■ Dataset records:
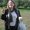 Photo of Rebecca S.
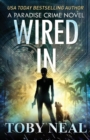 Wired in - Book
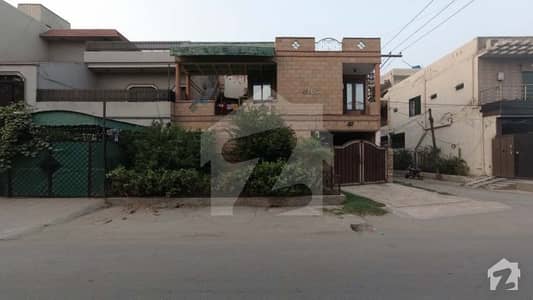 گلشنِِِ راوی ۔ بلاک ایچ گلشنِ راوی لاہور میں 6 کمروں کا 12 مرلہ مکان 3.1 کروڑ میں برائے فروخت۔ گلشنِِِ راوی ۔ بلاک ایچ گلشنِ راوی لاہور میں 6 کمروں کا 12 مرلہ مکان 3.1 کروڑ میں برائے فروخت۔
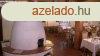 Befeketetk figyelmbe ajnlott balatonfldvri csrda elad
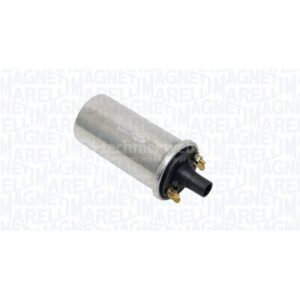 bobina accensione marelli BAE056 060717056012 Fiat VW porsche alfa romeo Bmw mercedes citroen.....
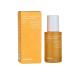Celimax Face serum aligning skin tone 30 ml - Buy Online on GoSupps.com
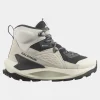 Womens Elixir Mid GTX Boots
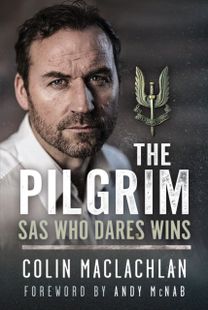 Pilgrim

* * *

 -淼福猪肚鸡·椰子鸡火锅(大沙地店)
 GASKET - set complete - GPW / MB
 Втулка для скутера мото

* * *

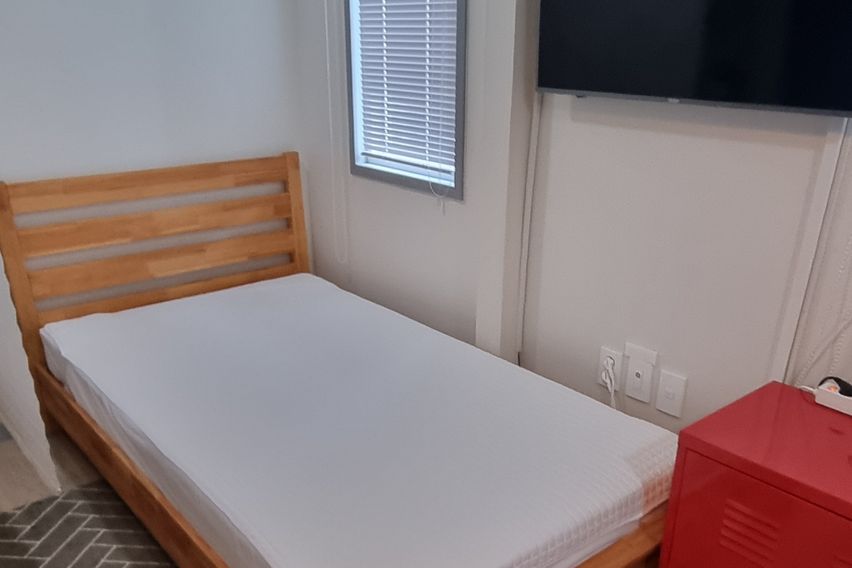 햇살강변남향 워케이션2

■ Your instructions: Using the data above, which lines fall from the one with "Photo of Rebecca S." through the one with "Celimax Face serum"? Repeat them exactly, ends included, minus any pictures.

■ Response to the task:
 Photo of Rebecca S.
 Wired in - Book
 گلشنِِِ راوی ۔ بلاک ایچ گلشنِ راوی لاہور میں 6 کمروں کا 12 مرلہ مکان 3.1 کروڑ میں برائے فروخت۔ گلشنِِِ راوی ۔ بلاک ایچ گلشنِ راوی لاہور میں 6 کمروں کا 12 مرلہ مکان 3.1 کروڑ میں برائے فروخت۔
 Befeketetk figyelmbe ajnlott balatonfldvri csrda elad
 bobina accensione marelli BAE056 060717056012 Fiat VW porsche alfa romeo Bmw mercedes citroen.....
Celimax Face serum aligning skin tone 30 ml - Buy Online on GoSupps.com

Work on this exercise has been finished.